Tim Flannery, a world-leading expert in the mammalogy of the Solomon Islands said the discovery was exciting, but also very important.
“It’s a remarkable new discovery of a mosaic tailed rat that found its way from either Australia or New Guinea several million years ago,” Flannery said in an interview with the Guardian. “It’s one of the most astonishing discoveries made in the new millennium and not a moment too soon.
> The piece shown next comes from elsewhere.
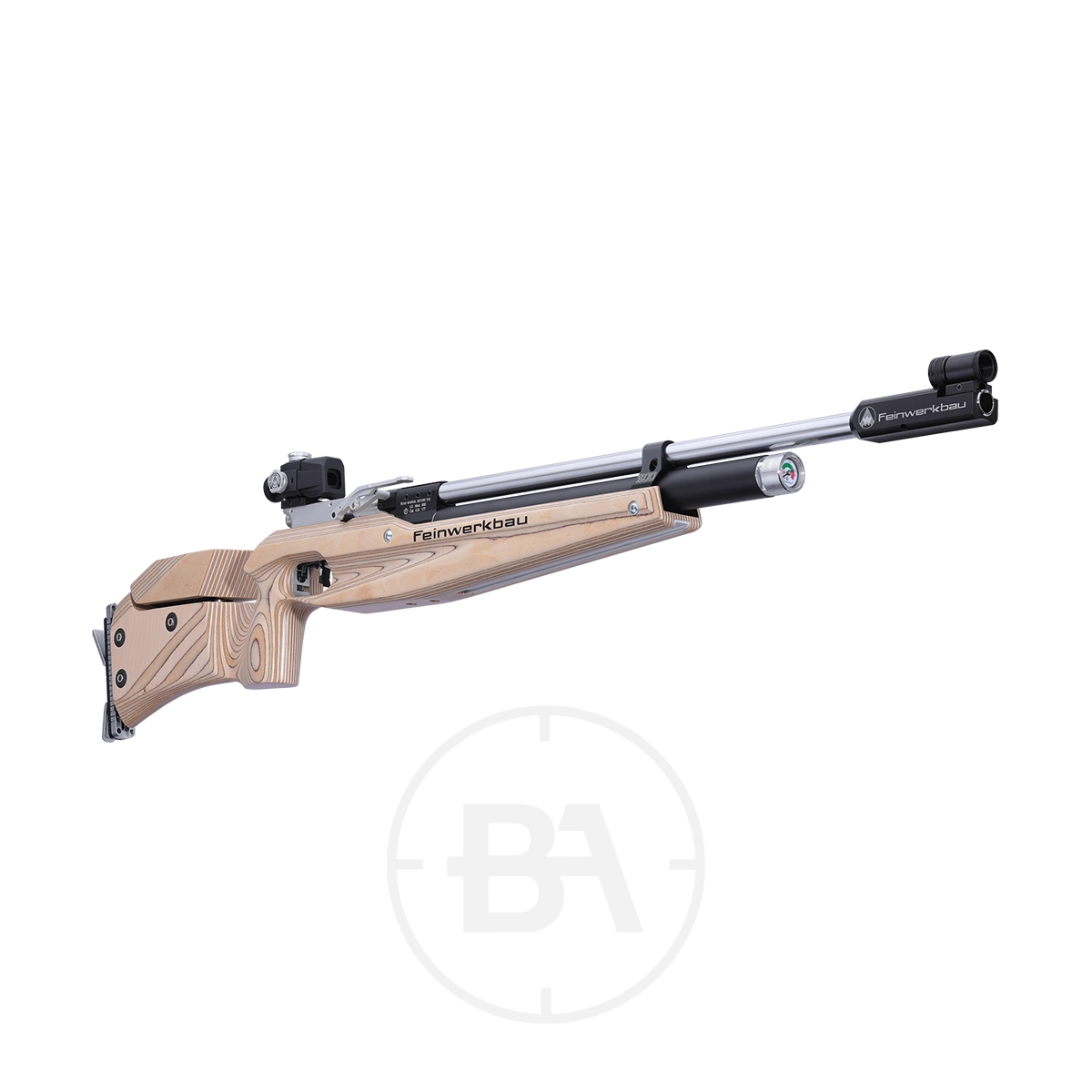 Feinwerkbau 800 Universal Match Target Rifle 3 Side view of the Feinwerkbau 800 Universal Match Target Rifle featuring a light wood stock and metallic barrel, displayed on a plain white background.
It’s highly endangered by logging and urgent action is required to prevent its extinction.”
The team was also able to partially confirm the legend of the rats eating coconuts. Though he had not found any coconut remains, Lavery said he had found evidence that they had eaten the ngali nut, a local nut with a shell similar in structure to the coconut.
“If they could get through a ngail nut shell, they could get through a coconut,” he told the Guardian.
Though the discovery was an exciting one, it was followed by fear.
The animals primarily reside in the kapuchu tree, a tree that is highly sought after by loggers. In fact, 90 percent of the kapuchu trees in the area have been cut down by commercial loggers.
Due to their declining habitat, the rat is now on its way to being listed as “critically endangered.”
But, Lavery is not giving up hope. The rat was found near a community conservation area, and Lavery is hoping the rat will bring awareness to the area.
“We’re hoping that, now we’ve found this rat, it will add some recognition to their conservation area and help support them in their work.”